Xavier Smith • Oct 10, 2017 at 6:06 PM

Lebanon High School, Wilson County Schools and the Wilson County Sheriff’s Office will join forces next week in an attempt to curb bullying, harassment and suicide.

The community outreach event will take place Tuesday at 6 p.m. at Lebanon High School and will look to address issues related to bullying, cyber bullying, harassment and suicide prevention and awareness.

School leaders and officials decided to hold the event after recent complaints and testimonies of extreme bullying and harassment were revealed at the school and online.

“Of course, the school holds some responsibility when our students are in crisis. We want to build a better environment of safety, security and comfort for our families,” said Lebanon High School principal Scott Walters. “We need to work with parents and the community at large in becoming more aware of what resources are available, not only within the school, but also at home and in our town.”

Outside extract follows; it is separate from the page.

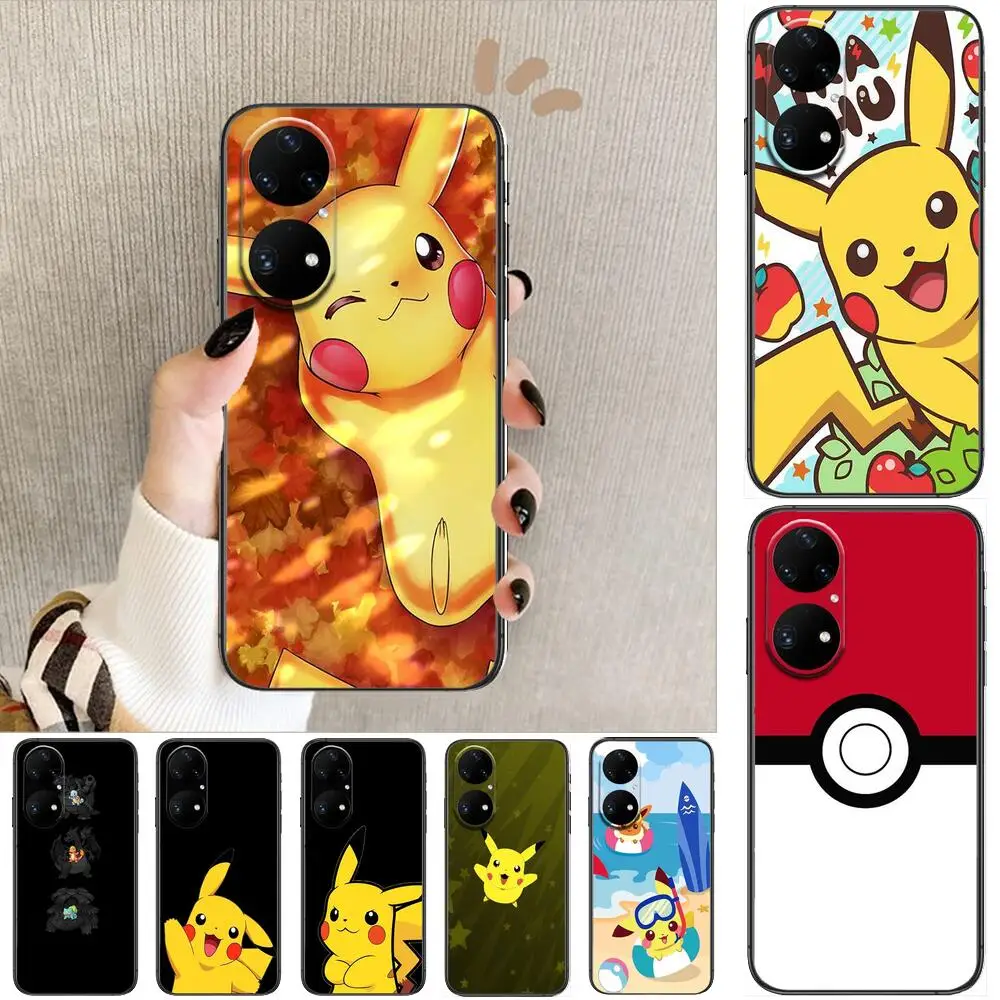 

Pikachu Pokemon Phone Case For Huawei p50 P40 p30 P20 10 9 8 Lite E Pro Plus Black Etui Coque Painting Hoesjes comic fas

The Wilson County Sheriff’s Office partners with Wilson County Schools to place a school resource officer in every school in the county. Wilson County SRO supervisor Lt. Scott Moore said the department takes every crisis seriously, especially when it involves students.

“This will be a great opportunity for everyone to come together as a community to discuss problems as related to bullying/cyber bullying and give us an opportunity to engage the community on what we are doing to help remedy these situations. It's always our goal to make every effort possible to maintain a safe and secure school environment,” Moore said.

Wilson County Schools spokesperson Jennifer Johnson said the meeting would allow the school system to play a role in the crisis’ solution.

"What we're hoping to do is open up a two-way dialogue with the community about how we can work together to combat online bullying. The problem is becoming more and more pervasive, not just at Lebanon High School, but all across the country. Unfortunately, school administrators don't always know about these situations, and even when they do, there are certain limitations on what the school system can and can't do,” Johnson said.

"Obviously, the school system has a role to play in this solution. If there are things we can be doing better, then we need to figure out what those things are. At the same time, it would be shortsighted to think that we can make a few policy changes and systematically end cyber bullying,” she said.